Antineoplastik ve İmmünomodülatör Ajanlar > Diğer Kanser İlaçları
Roche Müstahzarları Sanayi A.Ş. | 26 September  2023

5.   FARMAKOLOJİK ÖZELLİKLER

    5.1. Farmakodinamik özellikler

    Farmakoterapötik grup: Antineoplastik ve İmmünomodülatör ajanlar, Monoklonal Antikorlar ve Antikör İlaç Konjugatları, PD-1/PDL-1 (Programlanmış hücre ölüm proteini 1 / ölüm ligandı 1) İnhibitörleri

    ATC kodu: L01FF05

    Etki mekanizması:

    Hümanize IgG1 anti-programlı ölüm-ligandı 1(PD-L1), tümör hücreleri ve/veya tümör infiltre eden immün hücrelerinde eksprese olabilir ve tümör mikroortamında anti-tümör immün yanıtının inhibisyonuna katkıda bulunabilir. PD-L1'in T-hücrelerinde ve antijen sunan hücrelerde bulunan PD-1 ve B7.1 reseptörlerine bağlanması, sitotoksik T-hücre aktivitesini, T-hücre çoğalmasını ve sitokin üretimini baskılar.

    Atezolizumab Fc bölgesi değiştirilmiş bir hümanize immünoglobülin G1 (IgG1) monoklonal antikorudur; doğrudan PD-L1'e bağlanır ve PD-1 ve B7.1 reseptörlerinin ikili blokajını sağlayarak, antikor bağımlı hücresel sitotoksisiteyi indüklemeden antitümör immün yanıtın yeniden aktive edilmesi de dahil, immün yanıtın PD-L1/PD-1 aracılı inhibisyonunu serbest bırakır. Atezolizumab, PD-L2/PD-1 etkileşimini koruyarak PD-L2/PD-1 aracılı inhibitör

    sinyallerin devam etmesine izin verir.

    Klinik etkililik ve güvenlilik:

    1200 mg dozda üç haftada bir uygulanan TECENTRIQ ile yapılan çalışmaların tanımı için, TECENTRIQ 1200 mg/20 mL infüzyonluk çözelti hazırlamak için konsantre'nin Kısa Ürün Bilgisi'ne bakınız.

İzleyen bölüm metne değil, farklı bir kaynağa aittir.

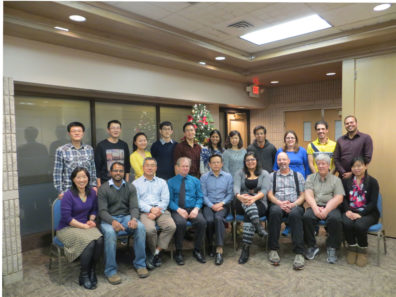 Juming Tang Research Group 2015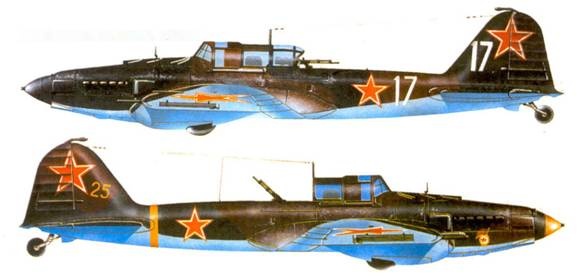 Иллюстрация к книге — Ил-2 Ил-10 Часть 2 [pic_149.jpg]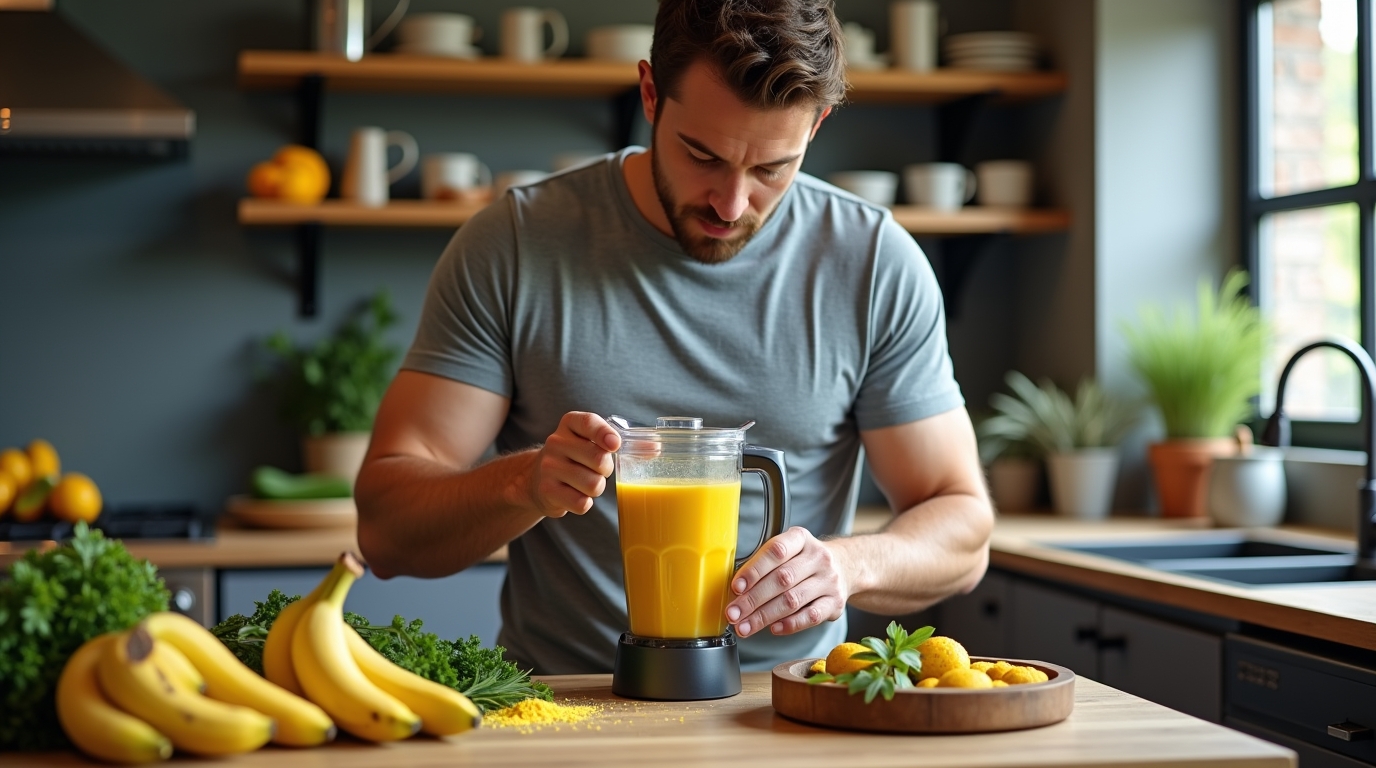 recettes de smoothies protéinés pour hommes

    Üçlü negatif meme kanseri

      IMpassion130 (WO29522): Daha önce metastatik hastalık için tedavi edilmemiş, lokal ileri veya metastatik ÜNMK hastalarında randomize faz III çalışma

    Metastatik hastalık için daha önce kemoterapi almamış, rezeke edilemeyen, lokal ileri veya metastatik ÜNMK olan hastalarda, atezolizumab ile nab-paklitakselin etkililik ve güvenliliğini değerlendirmek için Faz III, çift kör, iki kollu, çok merkezli, uluslararası, randomize, plasebo kontrollü bir çalışma olan IMpassion130 yürütülmüştür. Taksan monoterapisi için uygun olan hastalar seçilmiştir (yani hızlı klinik ilerlemenin olmaması, yaşamı tehdit eden viseral metastazların veya hızlı semptom ve/veya hastalık kontrolü ihtiyacının olmaması). Son 12 ay içerisinde neoadjuvan veya adjuvan ortamında kemoterapi alan hastalar, otoimmün hastalık öyküsü olan, randomizasyondan önceki 4 hafta içinde bir canlı atenüe aşı, randomizasyondan önceki 4 hafta içinde sistemik immünostimülatör ajan uygulanmış veya randomizasyondan önceki 2 hafta içinde sistemik immunosupresif tıbbi ürün kullanmış hastalar, tedavi edilmemiş semptomatik veya kortikosteroide bağlı beyin metastazı öyküsü olan hastalar dahil edilmemiştir. Tümör değerlendirmeleri, 1. döngünün (1. gün) ardından ilk 12 ay süreyle 8 haftada (± 1 hafta) bir ve sonrasında 12 haftada (± 1 hafta) bir olmak üzere gerçekleştirilmiştir.

    Toplamda 902 hasta çalışmaya dahil edilmiş ve karaciğer metastazı varlığı, taksan tedavisi öyküsü ve tümör infiltre edici immün hücrelerde (IC) PD-L1 ekspresyonu durumuna göre tabakalandırılmıştır (PD-L1 ile boyanmış tümör infiltre edici immün hücreler [IC] < %1 VENTANA PD-L1 (SP142) testi ile değerlendirilen tümör alanına karşı tümör alanının ≥ %1'i).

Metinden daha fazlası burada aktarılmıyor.